• **What is expected**
Reproduce word for word, from the entries below, the line with "Image of 2PK", the line with "Wall-Mounted Metal Toothbrush Holder", and every line between them, and nothing more.

• **Input data**
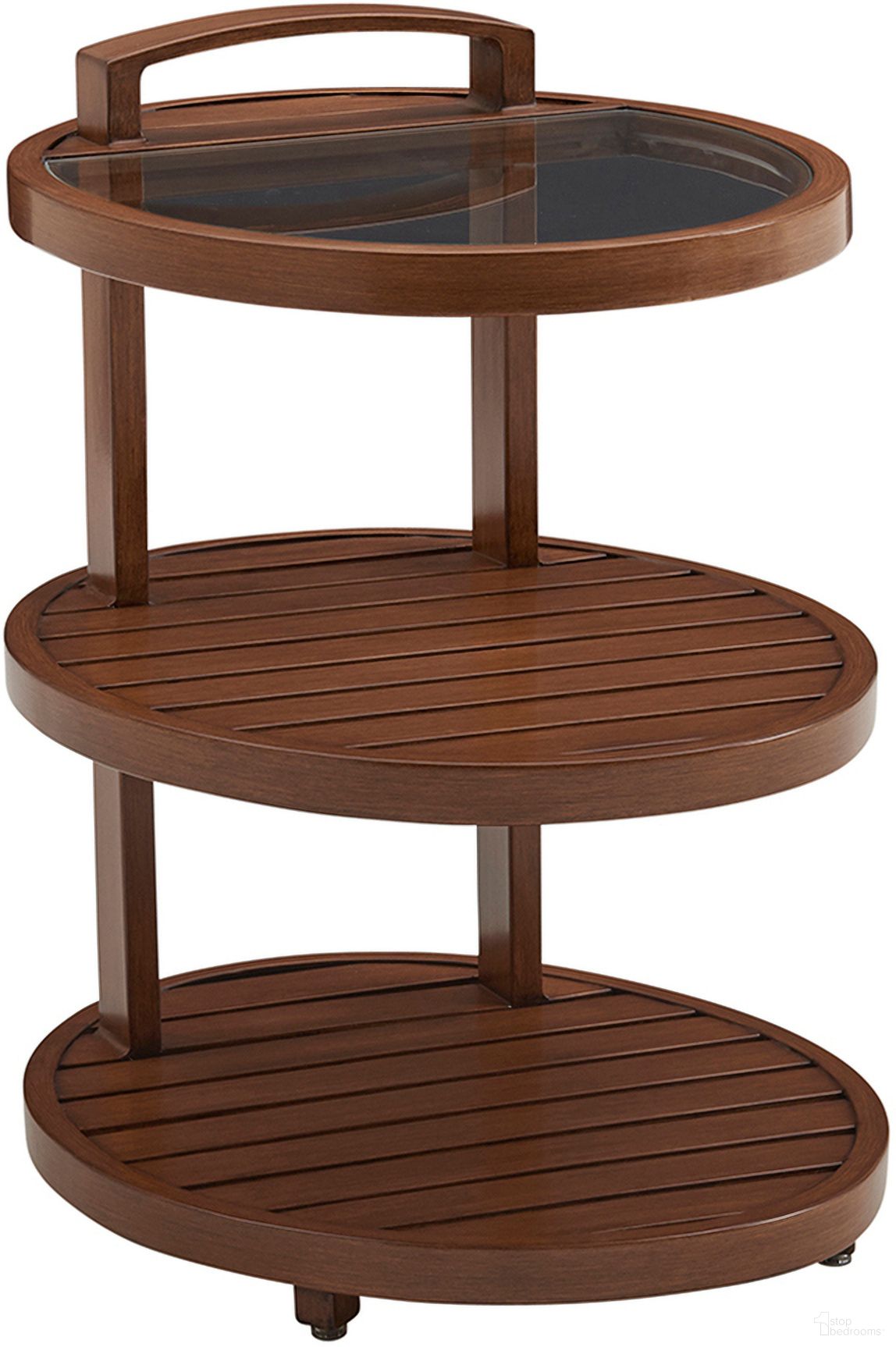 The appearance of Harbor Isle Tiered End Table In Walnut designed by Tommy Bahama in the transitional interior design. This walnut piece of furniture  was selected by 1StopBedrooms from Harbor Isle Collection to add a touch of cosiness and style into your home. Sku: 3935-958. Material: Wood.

...

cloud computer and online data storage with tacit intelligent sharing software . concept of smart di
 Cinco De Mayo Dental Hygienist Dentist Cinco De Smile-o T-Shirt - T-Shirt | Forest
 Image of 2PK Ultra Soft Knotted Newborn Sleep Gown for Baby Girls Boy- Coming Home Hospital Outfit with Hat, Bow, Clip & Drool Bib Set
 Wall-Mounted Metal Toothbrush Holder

* * *

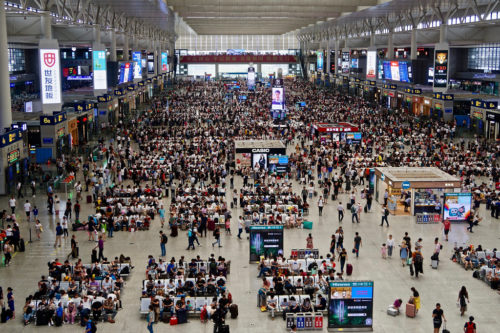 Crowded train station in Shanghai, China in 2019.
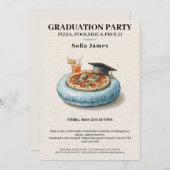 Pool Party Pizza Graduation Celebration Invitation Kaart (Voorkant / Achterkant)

• **Response to the exercise**
 Image of 2PK Ultra Soft Knotted Newborn Sleep Gown for Baby Girls Boy- Coming Home Hospital Outfit with Hat, Bow, Clip & Drool Bib Set
 Wall-Mounted Metal Toothbrush Holder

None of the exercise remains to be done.